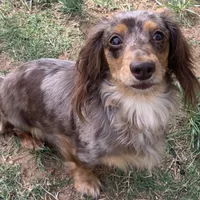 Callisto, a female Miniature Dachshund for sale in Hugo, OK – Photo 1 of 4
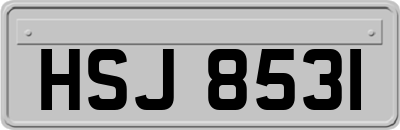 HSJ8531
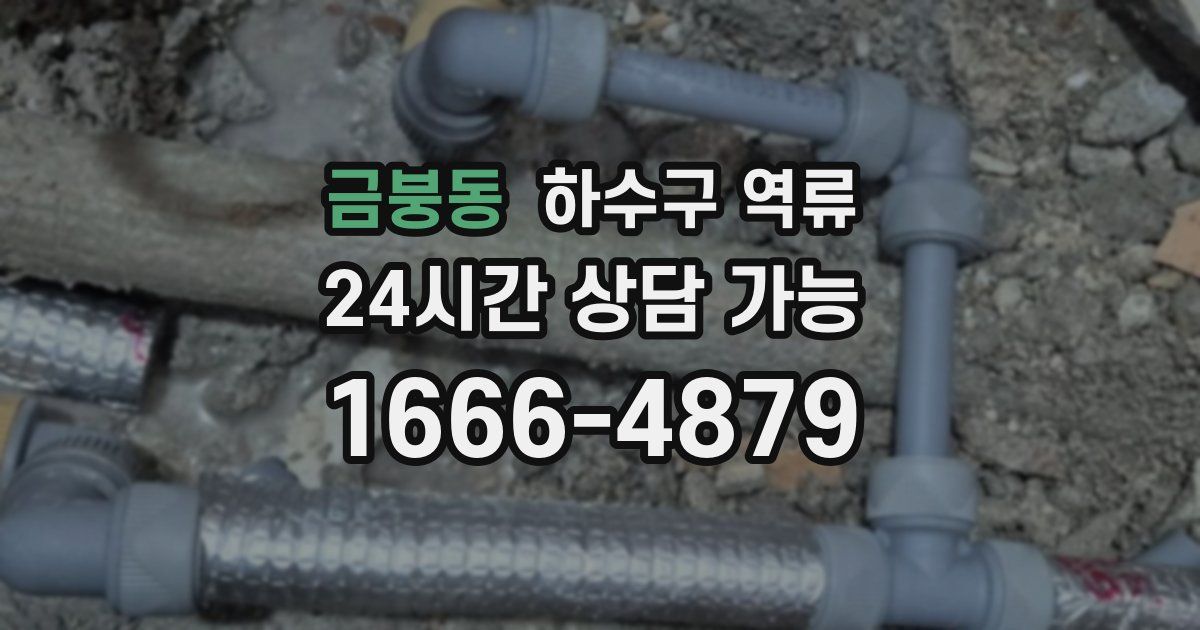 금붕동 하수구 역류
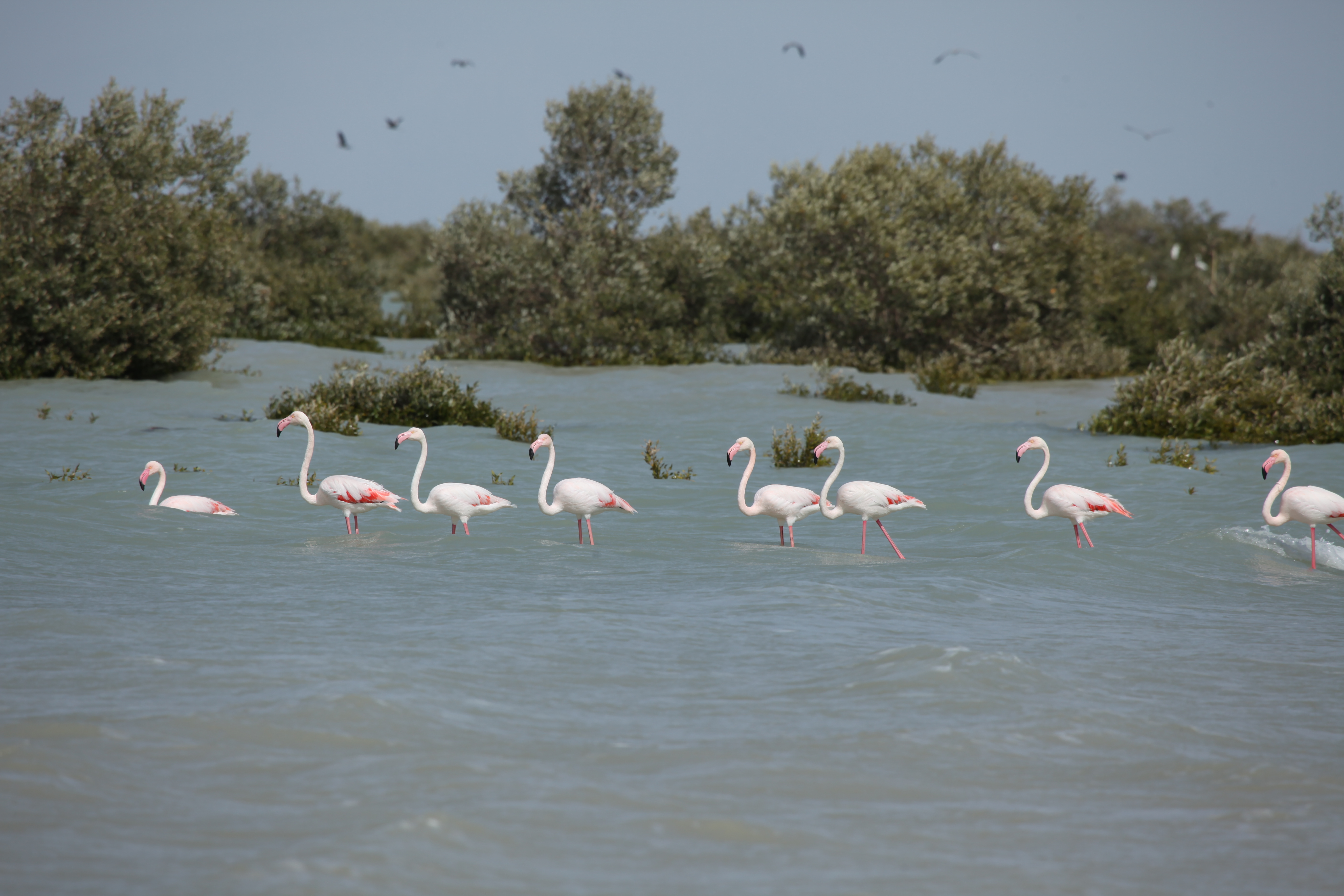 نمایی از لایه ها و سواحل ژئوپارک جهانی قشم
---
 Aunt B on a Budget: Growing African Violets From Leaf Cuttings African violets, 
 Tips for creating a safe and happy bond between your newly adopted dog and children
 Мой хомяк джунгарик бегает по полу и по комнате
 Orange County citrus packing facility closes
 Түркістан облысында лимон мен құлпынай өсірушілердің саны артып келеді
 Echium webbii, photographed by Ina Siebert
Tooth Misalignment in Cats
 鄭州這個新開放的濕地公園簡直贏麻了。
==
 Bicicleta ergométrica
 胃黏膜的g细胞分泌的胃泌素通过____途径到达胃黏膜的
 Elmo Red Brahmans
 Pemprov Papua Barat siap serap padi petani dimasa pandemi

Exercise objective: Only the lines above starting at the line that holds "Echium webbii, photographed by Ina Siebert" and ending at the line that holds "鄭州這個新開放的濕地公園簡直贏麻了。" are to be repeated, exactly and in full.

Your response:
 Echium webbii, photographed by Ina Siebert
Tooth Misalignment in Cats
 鄭州這個新開放的濕地公園簡直贏麻了。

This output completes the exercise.